6.– Non fondata è pure la questione, con cui si lamentano l’irragionevolezza e l’oscurità della disposizione censurata, la quale richiamerebbe quanto previsto dall’art. 1, comma 90, della legge n. 56 del 2014, ma allo stesso tempo, nella sostanza, illogicamente lo contraddirebbe.

In linea di principio, possono risultare costituzionalmente illegittime – per irragionevolezza ridondante sulle attribuzioni regionali – norme statali dal significato ambiguo, tali da porre le Regioni in una condizione di obiettiva incertezza, allorché a norme siffatte esse debbano attenersi nell’esercizio delle proprie prerogative di autonomia (si vedano, sia pure in fattispecie eterogenee, le sentenze n. 200 del 2012 e n. 326 del 2010).

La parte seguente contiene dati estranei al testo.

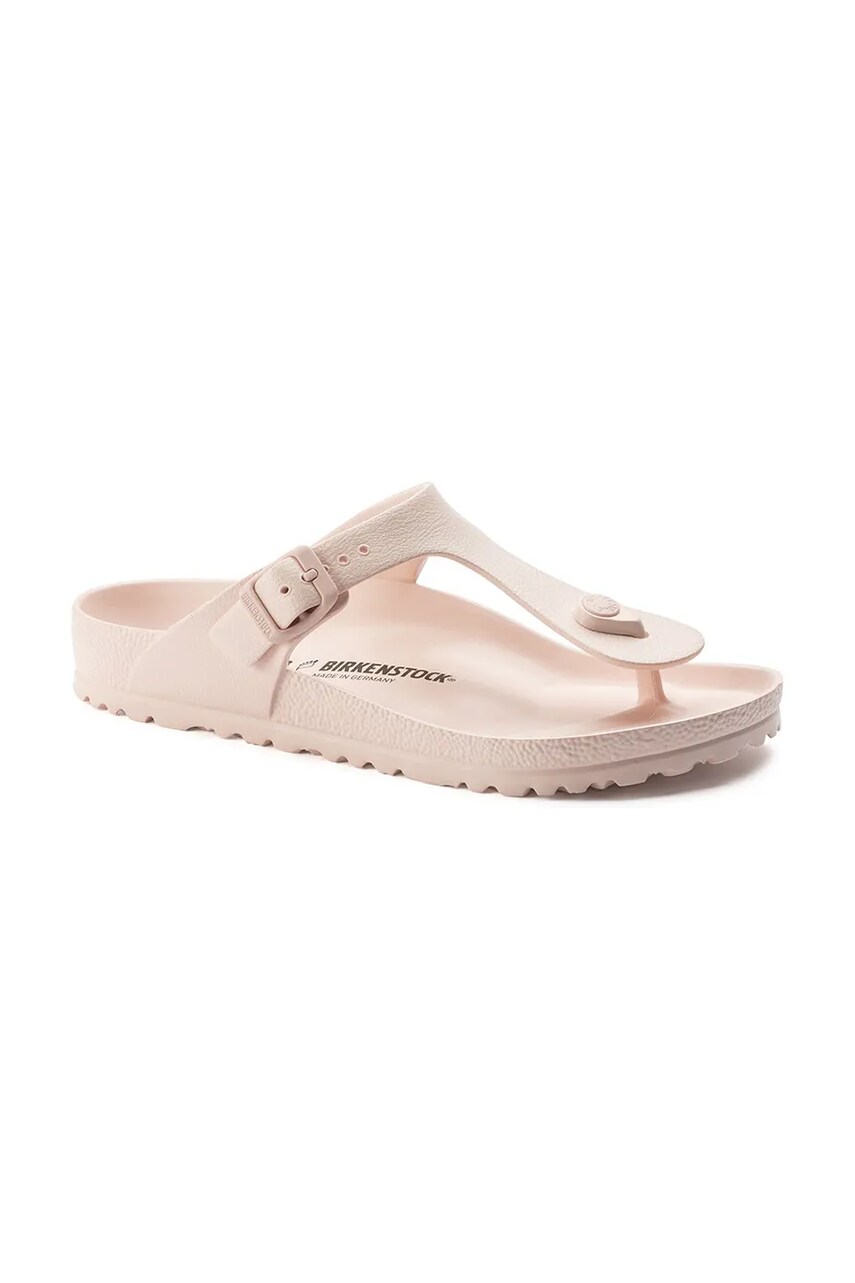 В'єтнамки Birkenstock Gizeh EVA жіночі колір рожевий на плоскому ходу 1014569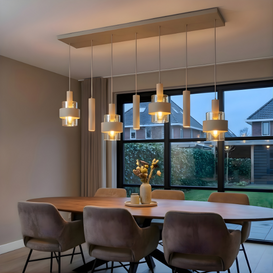 Hanglamp Marrone 7-lichts zand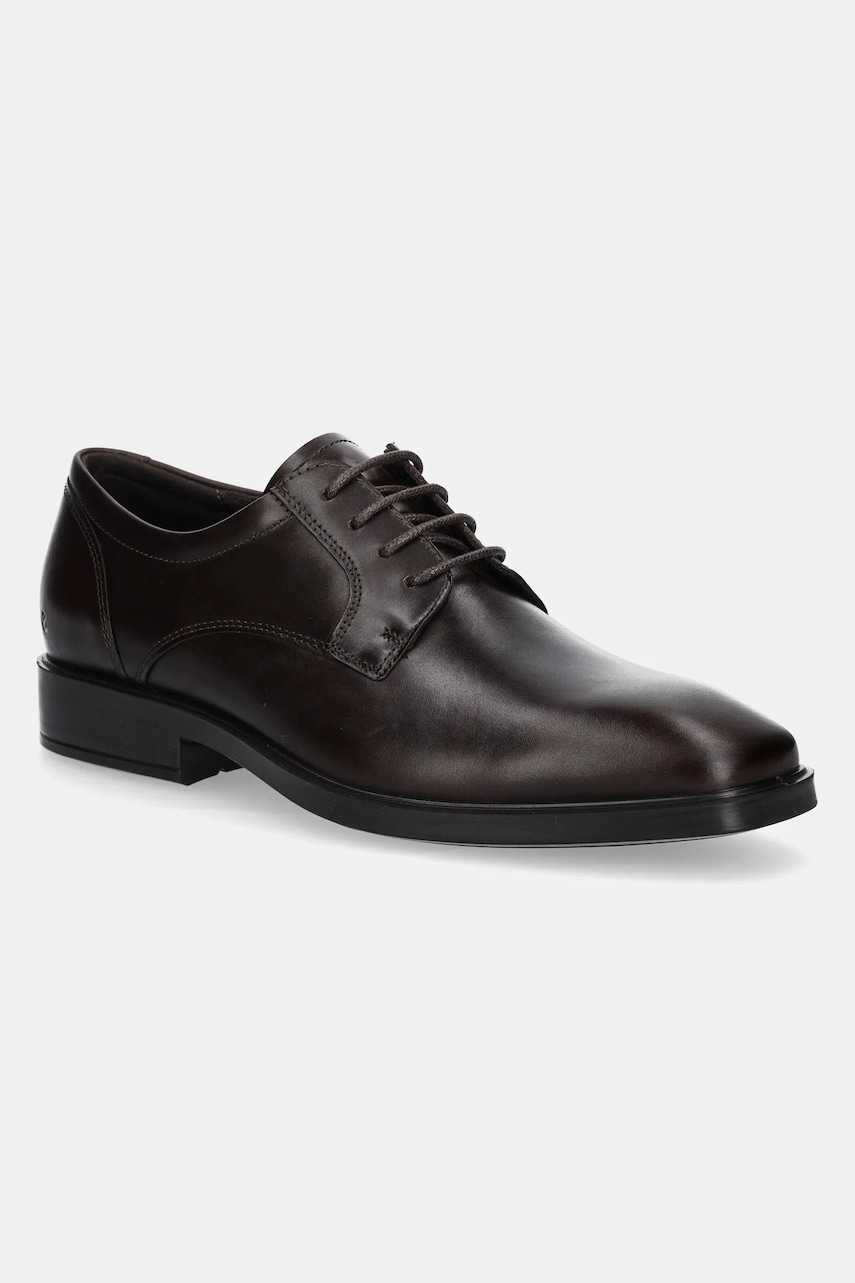 Ecco pantofi de piele Metropole barbati, culoarea maro, 523314-01482 Ecco pantofi de piele Metropole barbati, culoarea maro, 523314-01482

Tuttavia, nel caso odierno, benché il coordinamento tra la disposizione censurata e quella da essa richiamata non sia enunciato in termini del tutto univoci, è pur sempre possibile conciliare le due disposizioni, attraverso una lettura sistematica, rispettosa della ratio di entrambe. Infatti, nulla impedisce alle Regioni, nei casi in cui optino per ambiti o bacini di dimensioni provinciali (o, eccezionalmente, sub-provinciali), di conformarsi a quanto previsto dall’art. 1, comma 90, della legge n. 56 del 2014, vale a dire di designare come enti di governo, titolari delle relative funzioni di organizzazione, le Province «nel nuovo assetto istituzionale, con tempi, modalità e forme di coordinamento con regioni e comuni, da determinare nell’ambito del processo di riordino di cui ai commi da 85 a 97 [dello stesso art. 1 della legge n. 56 del 2014], secondo i princìpi di adeguatezza e sussidiarietà, anche valorizzando, ove possibile, le autonomie funzionali». Una tale scelta non impedisce alle Regioni di sopprimere, nel contempo, enti e agenzie alle quali sia stato demandato, in precedenza, l’esercizio delle stesse funzioni. In questi casi, naturalmente, non si porrà alcun problema di adesione dei Comuni agli enti di governo designati: più semplicemente, si verificherà un trasferimento delle funzioni, per ragioni di esercizio unitario, presso le Province, attualmente caratterizzate come enti di secondo grado (sentenza n. 50 del 2015).

per questi motivi

LA CORTE COSTITUZIONALE

riservata a separate pronunce la decisione delle altre questioni di legittimità costituzionale promosse con il ricorso in epigrafe;

dichiara non fondate le questioni di legittimità costituzionale dell’art. 1, comma 609, lettera a), della legge 23 dicembre 2014, n. 190 (Disposizioni per la formazione del bilancio annuale e pluriennale dello Stato – legge di stabilità 2015), promosse, in riferimento agli artt. 117, terzo e quarto comma, 118 e 123 della Costituzione, nonché all’art. 3, comma 2, della legge regionale statutaria 17 aprile 2012, n. 1 (Statuto del Veneto), dalla Regione Veneto, con il ricorso in epigrafe.

Così deciso in Roma, nella sede della Corte costituzionale, Palazzo della Consulta, il 17 maggio 2016.

F.to:

Paolo GROSSI, Presidente

Marta CARTABIA, Redattore

Roberto MILANA, Cancelliere

Depositata in Cancelleria il 7 luglio 2016.